Adrián Berbia

Personal information
- Full name: Adrián Berbia Pose
- Date of birth: 12 October 1977 (age 47)
- Place of birth: Montevideo, Uruguay
- Height: 1.89 m (6 ft 2 in)
- Position(s): Goalkeeper

Team information
- Current team: Boston River
- Number: 1

Senior career*
- Years: Team / Apps / (Gls)
- 1996–2000: Bella Vista / 57 / (0)
- 2000–2003: Peñarol / 59 / (0)
- 2003–2004: Liverpool Montevideo / 23 / (0)
- 2005: Olimpia Asunción / 3 / (0)
- 2005–2006: Cerro / 13 / (0)
- 2006: O'Higgins / 5 / (0)
- 2007: Peñarol / 3 / (0)
- 2007: Juventud Las Piedras / 14 / (0)
- 2008: América de Cali / 48 / (0)
- 2009–2010: Junior Barranquilla / 36 / (0)
- 2010: Fénix / 2 / (0)
- 2011–2012: Real Cartagena / 32 / (0)
- 2012: Miramar Misiones / 6 / (0)
- 2012–2013: Juventud Las Piedras / 28 / (0)
- 2013–2014: Miramar Misiones / 8 / (0)
- 2015–: Boston River / 0 / (0)

International career
- 2001: Uruguay / 2 / (0)

= Adrián Berbia =

Uruguayan footballer (born 1977)

Adrián Berbia Pose (born 12 October 1977 in Montevideo) is a former Uruguayan goalkeeper who played for Boston River in the Uruguayan Primera División.

==Career==
Berbia signed with Uruguayan Primera B club Boston River in 2015 after being out of contract for 6 months.

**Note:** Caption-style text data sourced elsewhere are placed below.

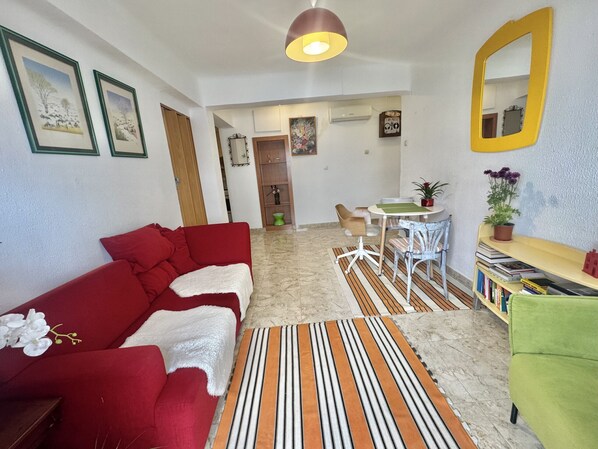 LIVINGROOM 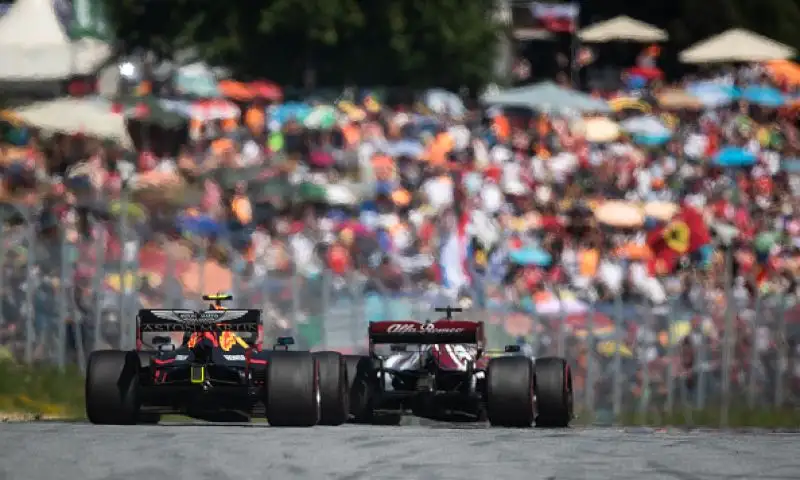 Max Verstappen ha vinto il Gran Premio d'Austria, finito tra le polemiche. Il pilota della Red Bull ha conquistato la prima vittoria stagionale al termine di una grande rimonta
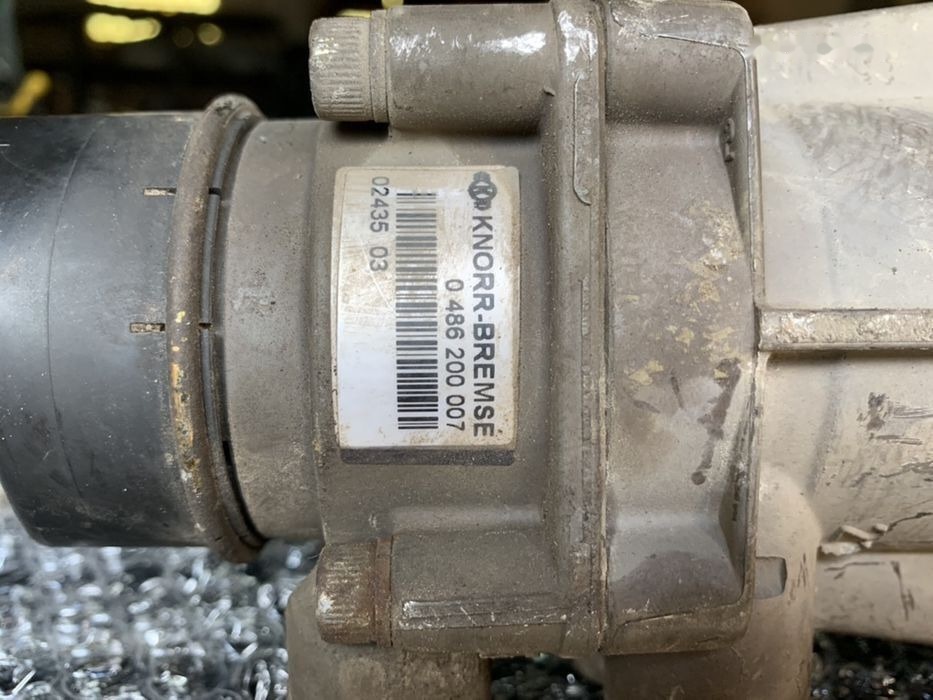 Knorr-Bremse orygina 0486200007 MAN TGA - Bremžu cilindrs - Kravas automašīna: foto 4 Knorr-Bremse orygina 0486200007 MAN TGA - Bremžu cilindrs - Kravas automašīna: foto 4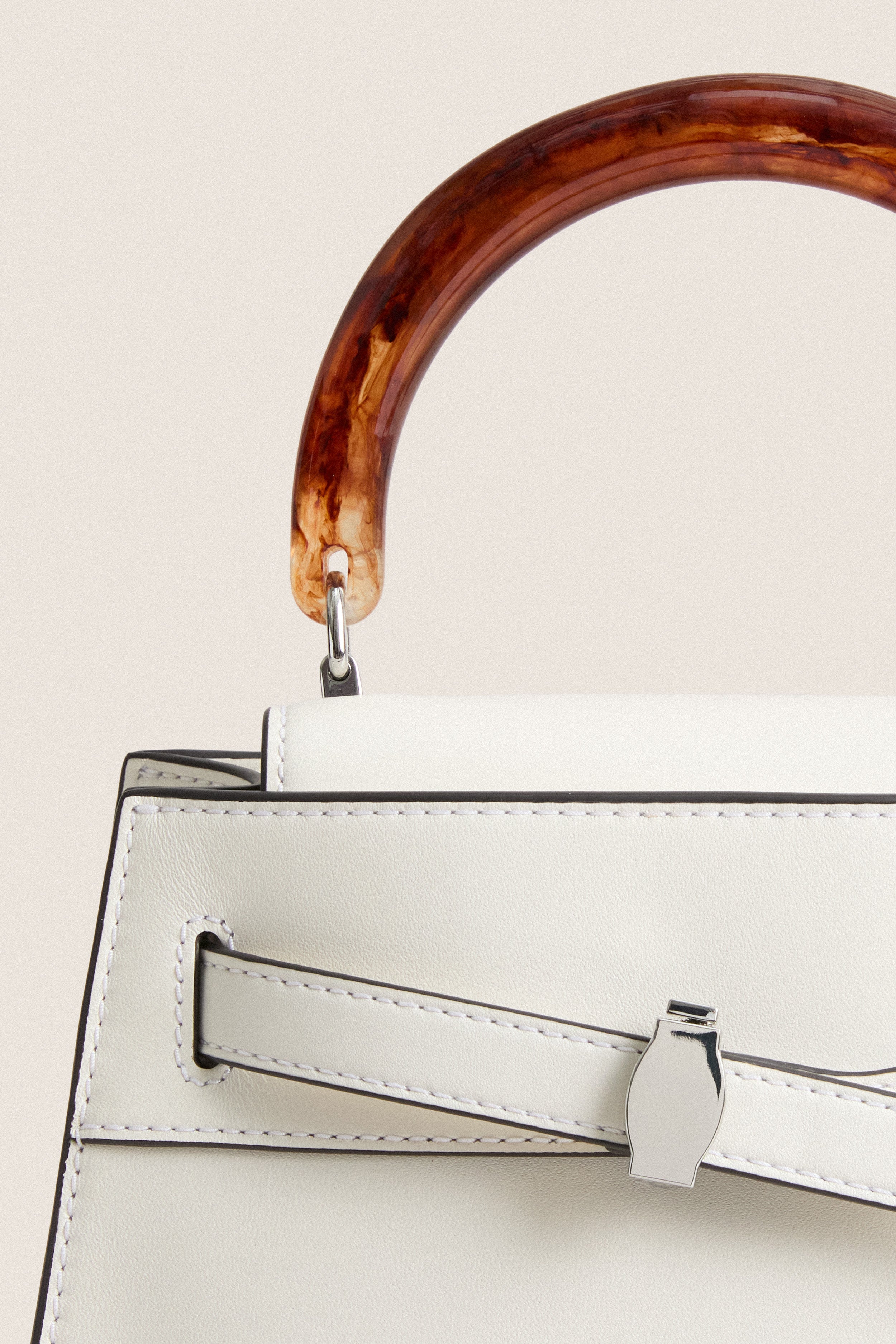 Off White Resin Veronica Beard Dash Top Handle | Veronica Beard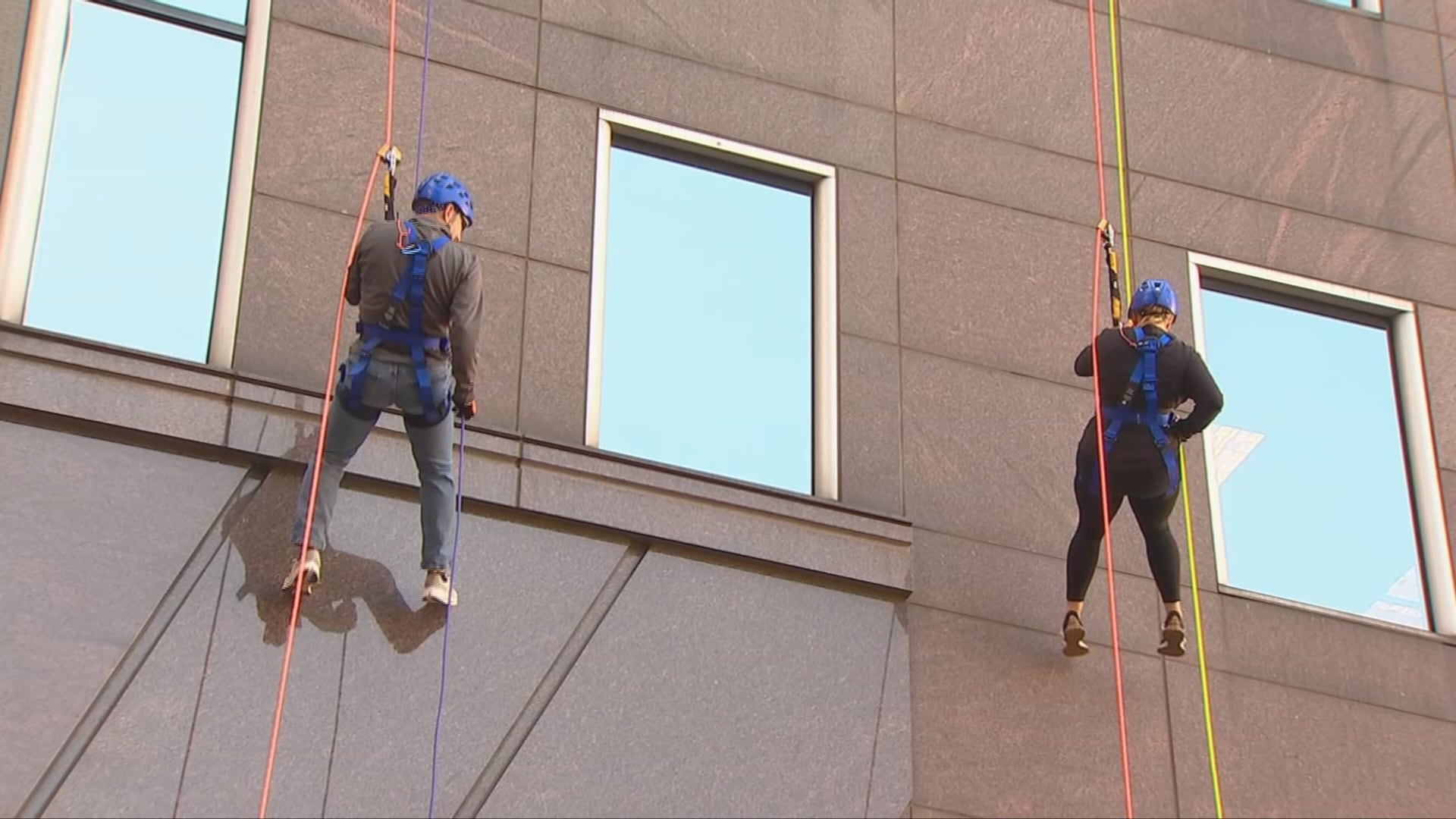 Participants rappel down high-rise in downtown Pittsburgh during ...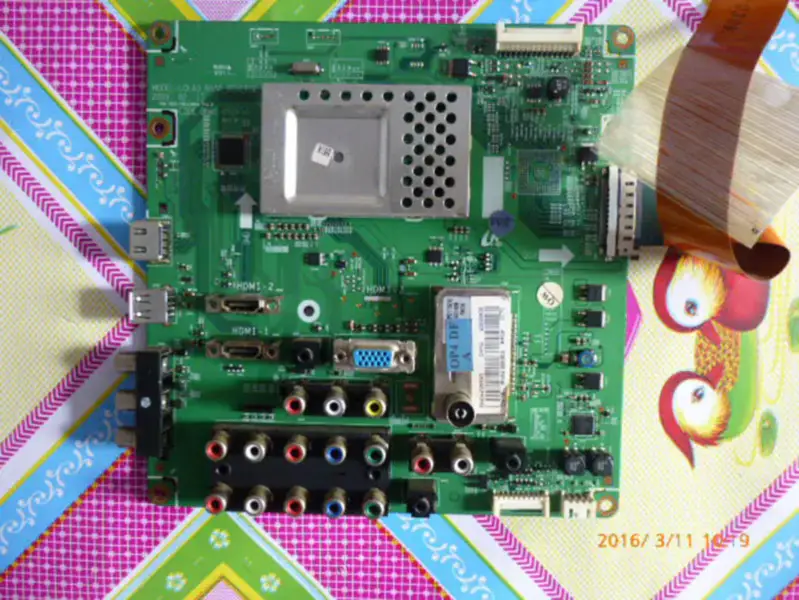 Samsung LA40B530P7R Carte BN41-01163A BN94-02930F LCD V400H1-L05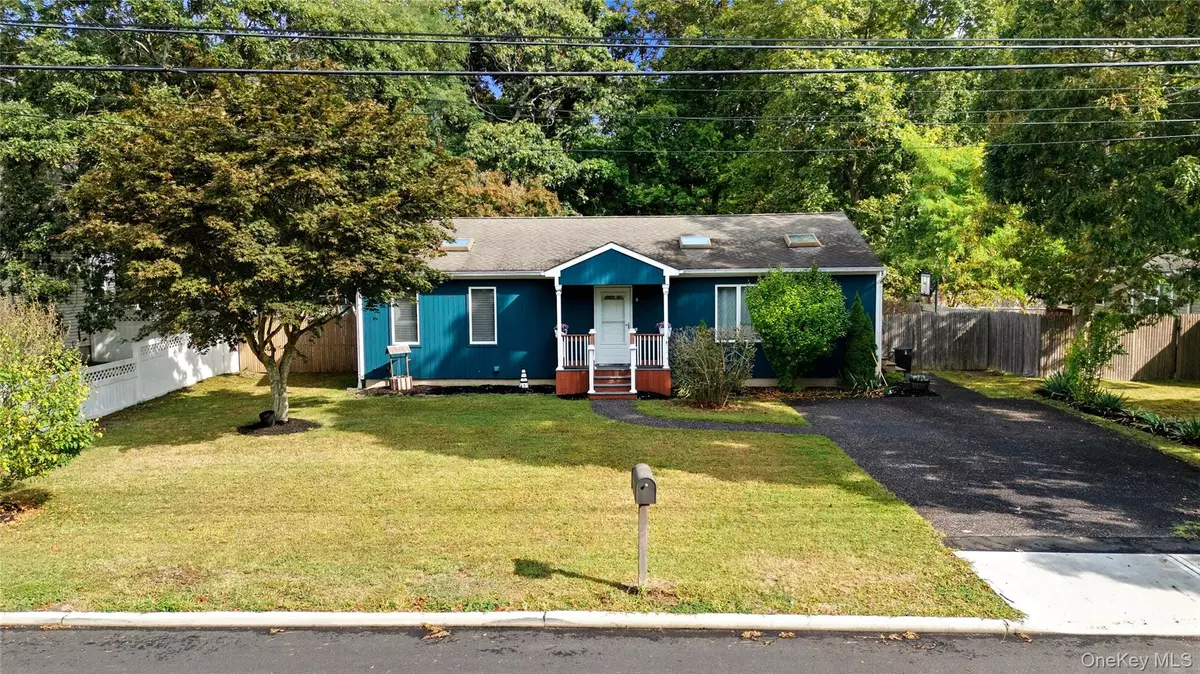 Shirley, NY 11967,17 Golden Gate DR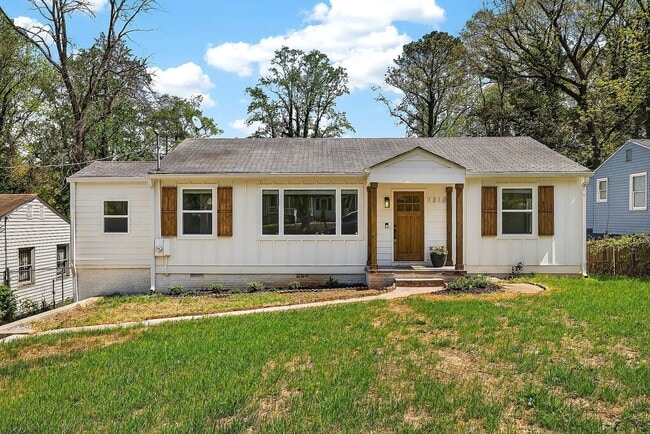 Photo - 1310 Kenilworth Dr SW House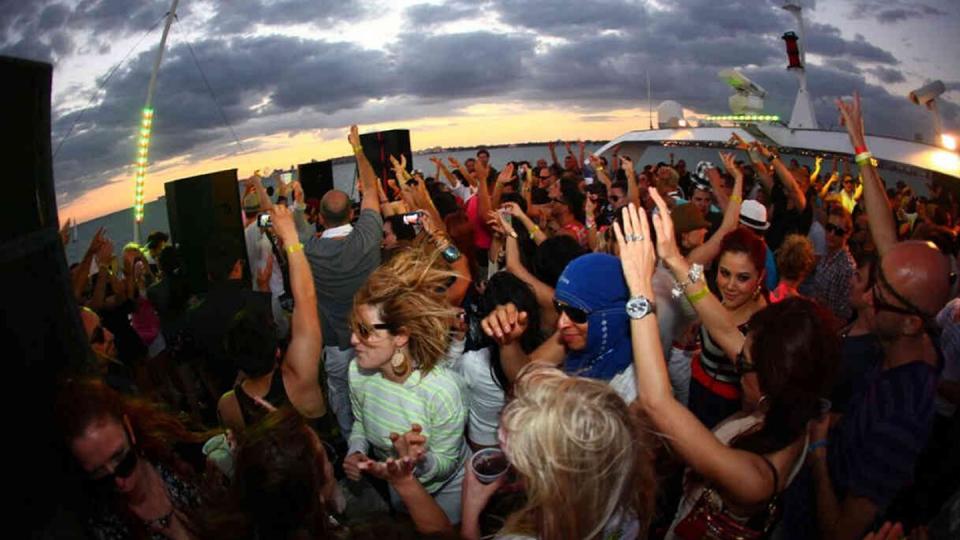 Jewel Yacht Hip Hop vs Reggae® NYC Saturday Midnight Yacht Party 2022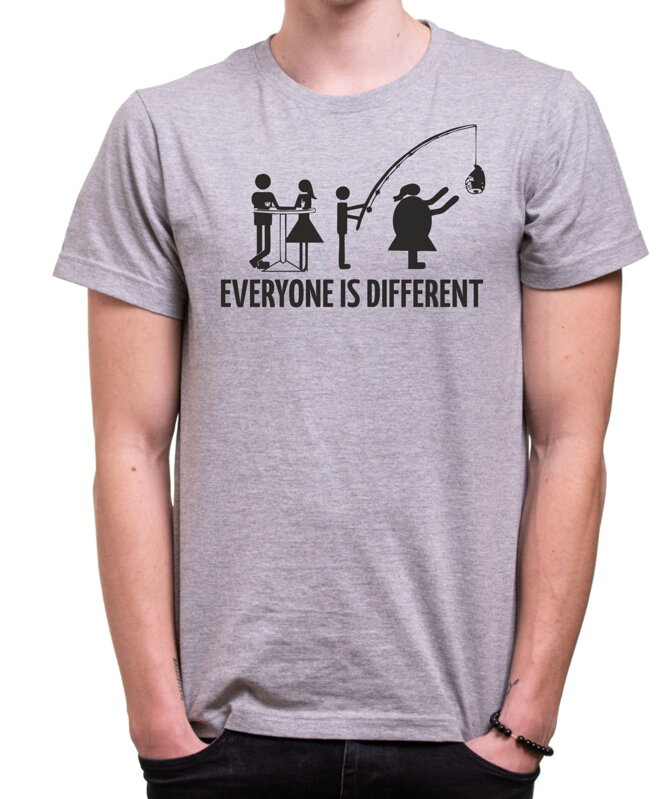 T-shirt - Everyone is Different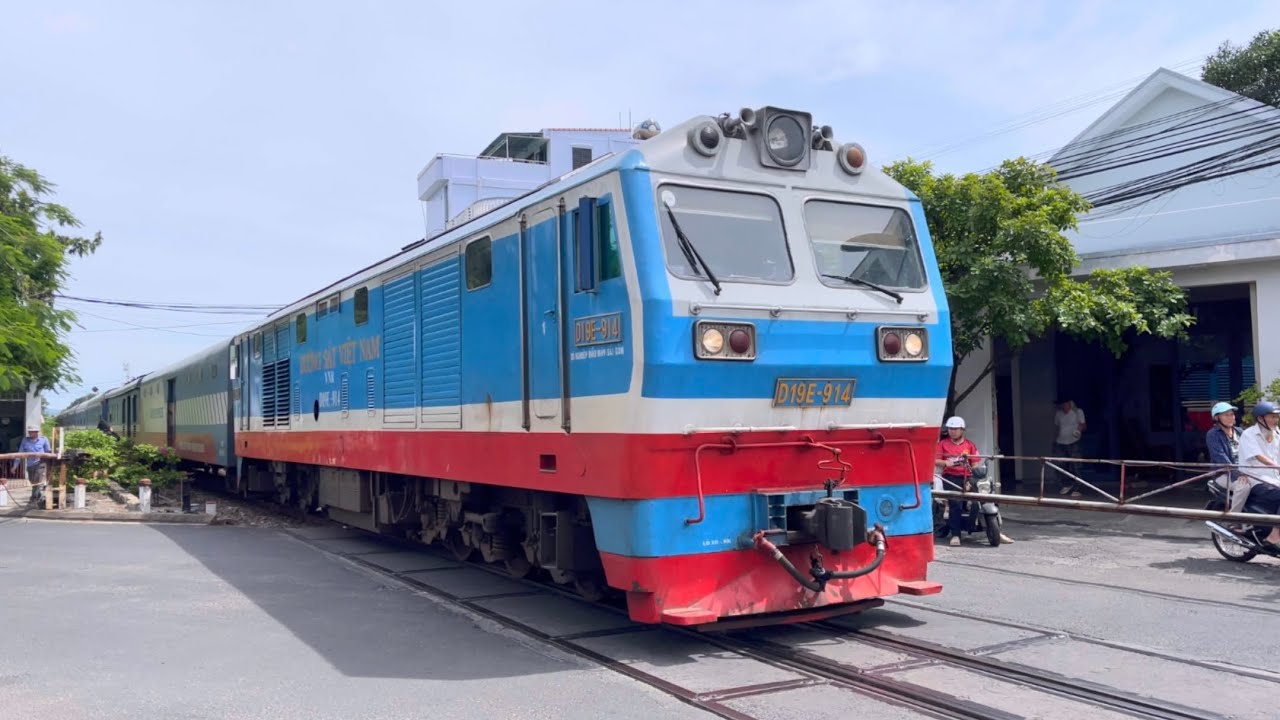 [Tàu hè 2025]. Những chuyến tàu hỏa tại phường Tuy Hòa và về lại Nha Trang trên tàu SE21 (15/8/2025)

After the 2015–16 season, the club was promoted to the Primera División and, following a successful first season in the Primera, participated in the 2017 Copa Sudamericana.

==International career==
Berbia has made two appearances for the senior, Uruguay national football team, both at the Copa América 2001.